Exercise data START

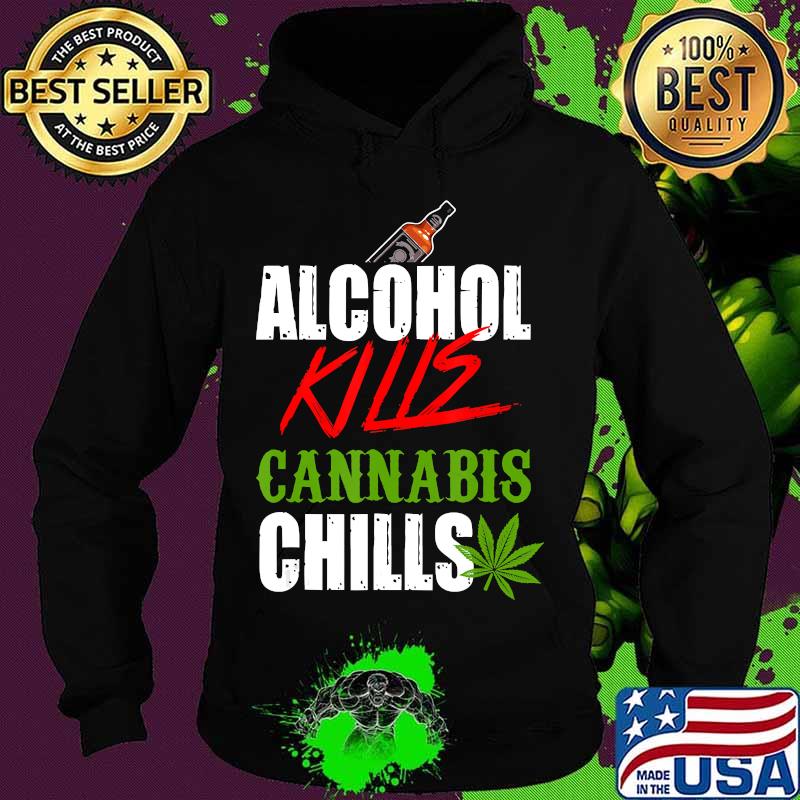 Alcohol kills cannabis chills choose weed not beer s Hoodie Alcohol kills cannabis chills choose weed not beer s Hoodie
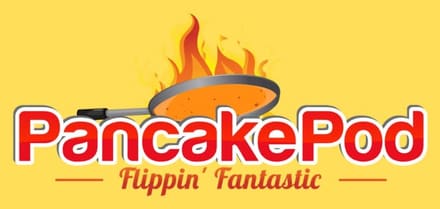 Pancake Pod, Flippin' Fantastic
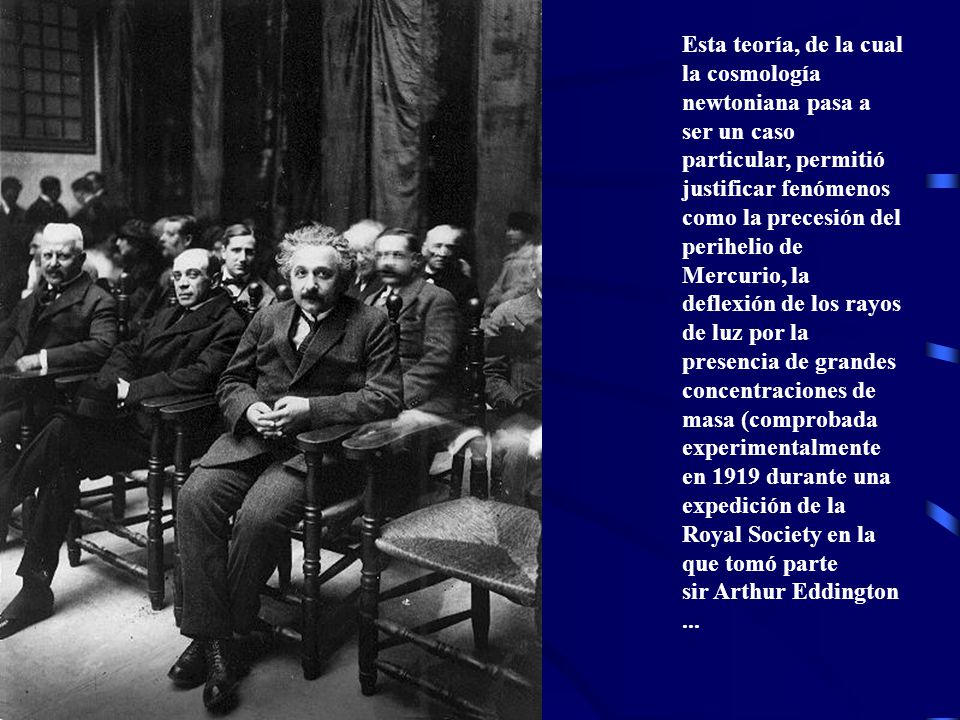 Esta teoría, de la cual la cosmología newtoniana pasa a ser un caso particular, permitió justificar fenómenos como la precesión del perihelio de Mercurio, la deflexión de los rayos de luz por la presencia de grandes concentraciones de masa (comprobada experimentalmente en 1919 durante una expedición de la Royal Society en la que tomó parte sir Arthur Eddington...
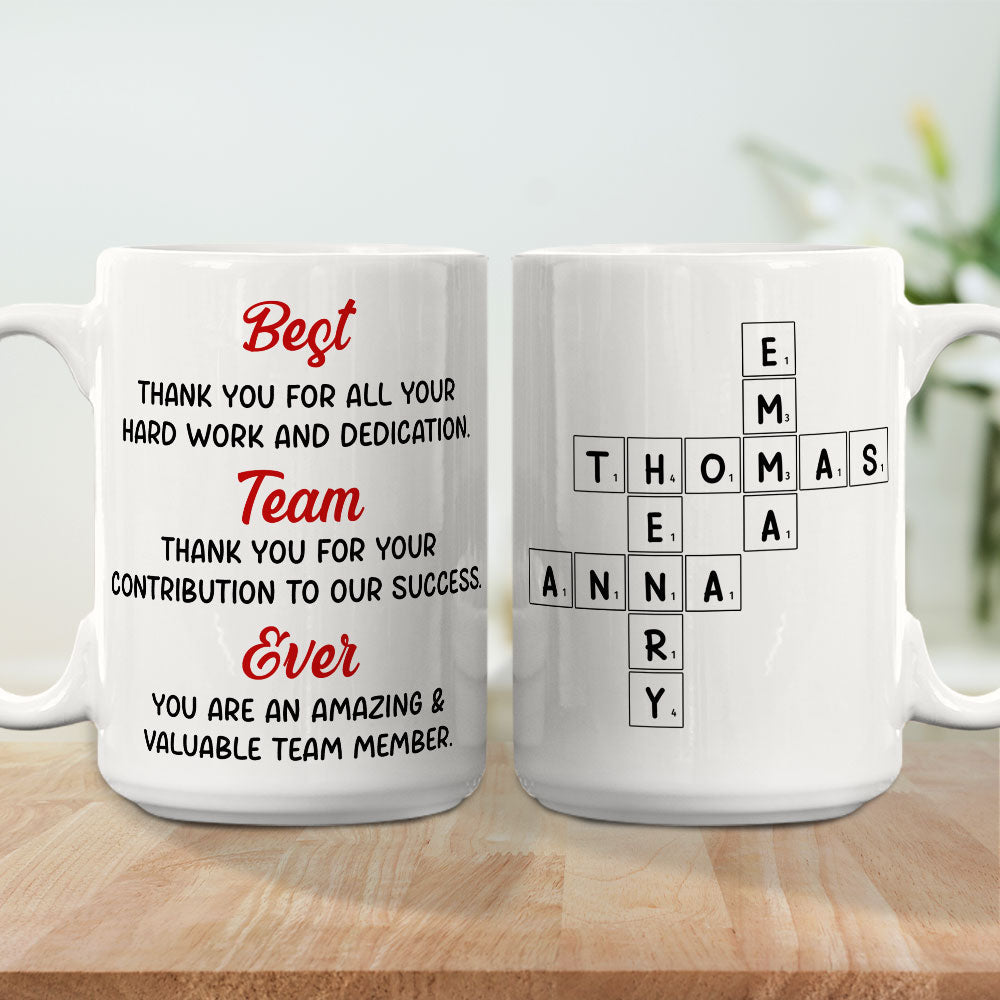 Custom Coworker, Christmas & Birthday Team Appreciation Gift • Best Team Ever - Personalized Coffee Mug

Exercise data END

**Activity**
The lines from the one containing "Esta teoría, de" through the last line above are to be repeated exactly, and only those. Any pictures must be left out.

**Output below**
 Esta teoría, de la cual la cosmología newtoniana pasa a ser un caso particular, permitió justificar fenómenos como la precesión del perihelio de Mercurio, la deflexión de los rayos de luz por la presencia de grandes concentraciones de masa (comprobada experimentalmente en 1919 durante una expedición de la Royal Society en la que tomó parte sir Arthur Eddington...
 Custom Coworker, Christmas & Birthday Team Appreciation Gift • Best Team Ever - Personalized Coffee Mug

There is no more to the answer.